REPUBLIKA.CO.ID, MELBOURNE -- Masalah dampak pencalonan Joko Widodo terhadap pencapaian suara PDIP dalam pemilu legislatif 2014, menjadi topik kuliah terbuka di Universitas Melbourne, Senin (14/4) malam.
Dalam kuliah bertajuk, The Indonesian Election; What Really Happened, apa yang disebut sebagai Jokowi Effect dibahas dengan rinci oleh Dr Dirk Tomsa, pengajar pada Universitas La Trobe.
Dalam uraiannya, Tomsa menjelaskan mengapa Jokowi Effect dianggap tidak berhasil memberikan dampak raihan suara yang diharapkan sebelumnya oleh PDIP.

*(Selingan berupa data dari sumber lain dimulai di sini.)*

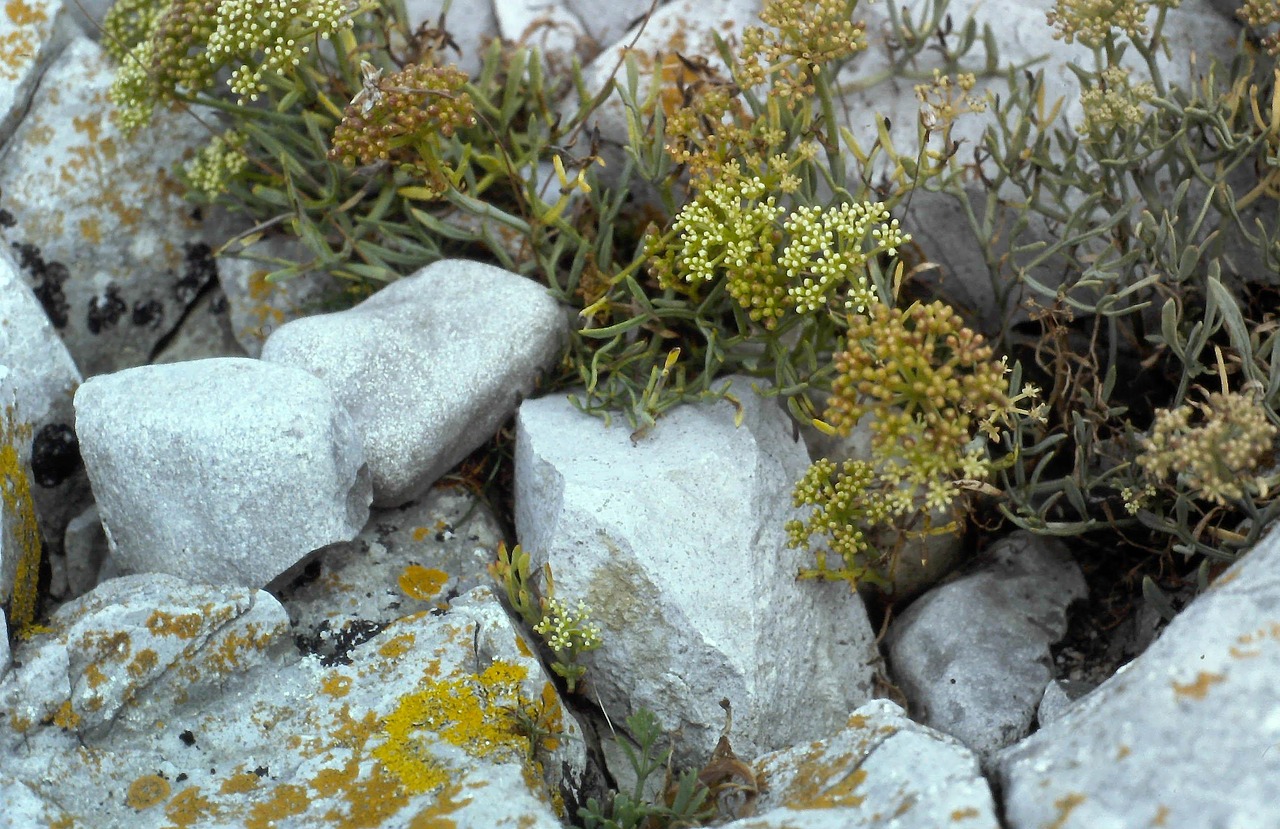 nature rock stone free photo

Sudah beredar luas bahwa PDIP disebut berharap akan mendapatkan suara lebih dari 27 persen secara nasional karena pencalonan Jokowi, namun dari hasil hitung cepat yang sudah muncul sejauh ini di Indonesia, PDIP hanya meraih suara antara 18-19 persen.
Menurut Tomsa, beberapa faktor dilihatnya sebagai penentu berkurangnya target raihan suara tersebut.

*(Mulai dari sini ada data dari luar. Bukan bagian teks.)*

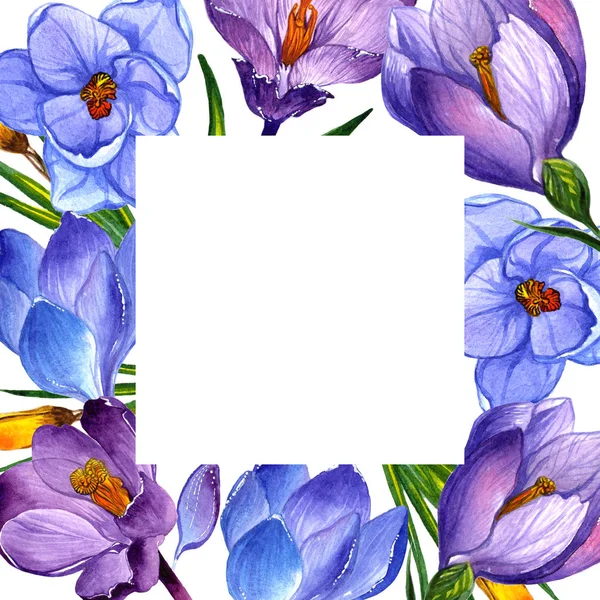 Дика квітка крокує квітковою рамкою в акварельному стилі ізольовано . — стокове фото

"Salah satunya adalah pengumuman pencalonan yang begitu dekat menjelang pemilihan, sistem pemilihan, perilaku pemilih dan juga faktor media massa di Indonesia," kata Tomsa.
"Penentuan pencalonan Jokowi hanya beberapa hari menjelang pemungutan suara membuat PDiP tidak bisa maksimal menggunakan kepopuleran Jokowi. Seharusnya pengumuman ini dilakukan jauh sebelumnya atau tidak diumumkan sama sekali," kata Tomsa.
Tetapi faktor yang lebih besar menurut Tomsa adalah sistem pemilihan di Indonesia dan perilaku pemilih. Dalam pemilu, warga memilih nama calon selain partai dimana calon tersebut berasal.
"Para calon ini di seluruh Indonesia memiliki tim sukses sendiri. Mereka sudah lama bergerak sendiri jauh sebelum Jokowi dicalonkan. Para calon ini menjalankan strategi mereka sendiri, dan tidak selalu mendukung kebijakan partai atau calon presiden," kata Tomsa, baru-baru ini.
Pendapat ini juga didukung oleh pembicara Dr Dave McRae, peneliti senior Universitas Melbourne, yang mengikuti dari dekat proses pemilihan di Indonesia dengan meneliti perilaku pemilih di Surabaya dan Sidoarjo di Jawa Timur.
"Kebanyakan kampanye di daerah tidaklah kampanye mempromosikan partai mereka ataupun calon presiden. Kampanye banyak dilakukan lewat pertemuan dengan masyarakat, dan isu yang disampaikan sangat lokal dan kadang yang disampaikan bertentangan dengan kebijakan partai," kata Dave McRae.
McRae mencontohkan bahwa dalam salah satu kampanye di Surabaya, seorang caleg dari PDIP menentang penutupan lokalisasi Dolly walau hal itu merupakan kebijakan dari Wali Kota Surabaya Tri Rismaharini yang berasal dari partai yang sama.
Walau hasil penghitungan suara sementara lebih rendah dari perkiraan PDIP dan berbagai pihak lainnya, pembicara dalam kuliah umum di Melbourne ini masih sepakat bahwa Jokowi masih merupakan favorit besar untuk memenangkan pemilihan presiden bulan Juli mendatang.
Salah seorang peserta, Nicolas Reece dari Jurusan Ilmu Politik dan Sosial Universitas Melbourne mengatakan bahwa di sisi lain, Jokowi Effect tetap bisa diihat karena dalam pemilu 2014 suara PDIP naik 5 persen dibanding pemilu sebelumnya.
"Ini perolehan yang cukup signifikan kalau melihat bahwa dalam pemilu ini ada 12 partai yang bertarung," kata Reece.
Pembicara lain dalam kuliah tersebut adalah Prof Thomas Reuter dari Universitas Melbourne dan Dr Vannessa Hearman dari Universitas Sydney.